Other industries are less well-placed to benefit in data collection and cleaning, but suitable in automatic feature engineering. For example, self-driving cars need humans to help identify what is a pedestrian and what is a stop sign. Similarly, medical imaging tools require experienced doctors to help spot tumors. However, using neural networks to automatically construct features from raw images has already reduced many data scientists’ efforts.

However, Sun urges scientists not to naively apply AutoML. Regardless of what goal you are trying to achieve, AutoML will not replace human knowledge altogether. Rather, it will change the focus where that knowledge is applied.

“In marketing, you only automate the steps of the process that will be much more effective than if they were carried out by a human manually,” Sun says. “Typically these processes are repetitive or complicated with sufficient data support. In this way, humans can be freed from repetitive tasks and applied their knowledge in areas with less accumulated data.”

So, you cannot get rid of data scientists altogether. This approach that sees humans and machines working hand-in-hand has been termed Semi-AutoML by some. It gives a more realistic appraisal of what the process actually entails.

Weighing Up the Benefits and Costs

As long as companies are informed on what AutoML can do and how it works, they have a lot to gain by using it.

It can be more efficient, because it removes the need to have human experts in the loop, and machines can do this work much quicker than humans. Used in the right way, it can outperform humans too, as it minimizes the risk of human error.

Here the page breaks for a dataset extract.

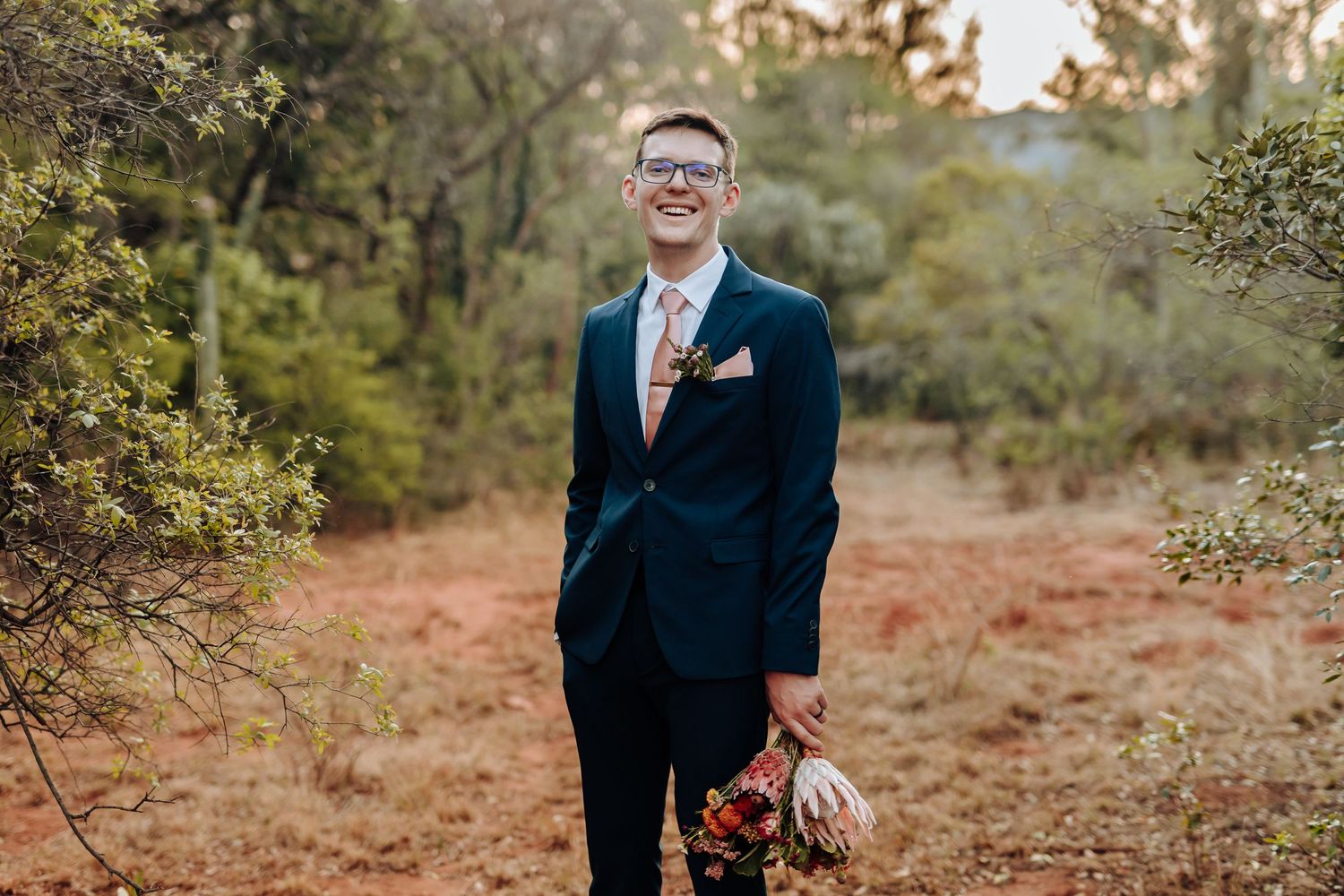 A groom in a navy suit poses in an autumn forest setting with warm lighting and fall foliage in the background.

As the processes are automated, it can also scale much more effectively than if the processes were done manually.

However, there are other factors to consider that are often overlooked. Namely, the cost.

The Holy Grail of AutoML is a neural architecture search — this will program an AI to search for the best neural network architecture to solve your given problem. Researchers have demonstrated it is possible to fully automate a neural architecture search (and outperform humans attempting the same task), but it takes an enormous amount of computational power — it could involve a dozen CPUs being trained for several days, for example, which is very expensive. So, any firm looking to leverage AutoML needs to use it smartly by weighing up the potential gain versus the financial cost and time spent.

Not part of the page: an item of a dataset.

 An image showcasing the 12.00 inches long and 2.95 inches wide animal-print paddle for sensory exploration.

While AutoML minimizes the risk of human error, it does not eliminate it altogether. AutoML will only optimize the metric you define, so if you define a metric in the wrong way, the model created will not solve your problem. This issue is not unique to AutoML — humans can make the same mistake with standard machine learning, but having humans in the loop can help to correct it, as they will spot that the model behavior is not correct. While removing humans from the process can have big gains in terms of efficiency, if done naively it can also cause more errors to creep in.

Putting It Into Practice

It is a tricky balance to strike. Companies need to weigh up the downsides of intense human involvement with the potential benefits, and decide what is best for their business model. Having a human in the loop at every stage of the process will mean your model will not scale, for example. But at the same time, automating the entire process while building each model will be too time-consuming. “We know that marketers cannot wait days before sending out a campaign, they need to strike in a timely fashion,” Sun says.

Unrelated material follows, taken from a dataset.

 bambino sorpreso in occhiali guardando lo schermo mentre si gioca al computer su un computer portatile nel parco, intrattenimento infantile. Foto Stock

Often the best solution now is to leverage a data science platform that uses AutoML in certain areas (what is often called Semi-AutoML as described earlier). By automating certain steps, you can concentrate your computational power where gains in efficiency and reach are not compromised by a reduction in accuracy. This helps marketers tap into the power of AutoML but only where it is really beneficial to the business’ goals. Otherwise you are just using technology for technology’s sake.

AutoML has many benefits for enterprises, and especially for marketers, but only if used correctly. Only by taking a realistic look at how it works, what it involves and what it can do for your organization can you really leverage it to its full potential.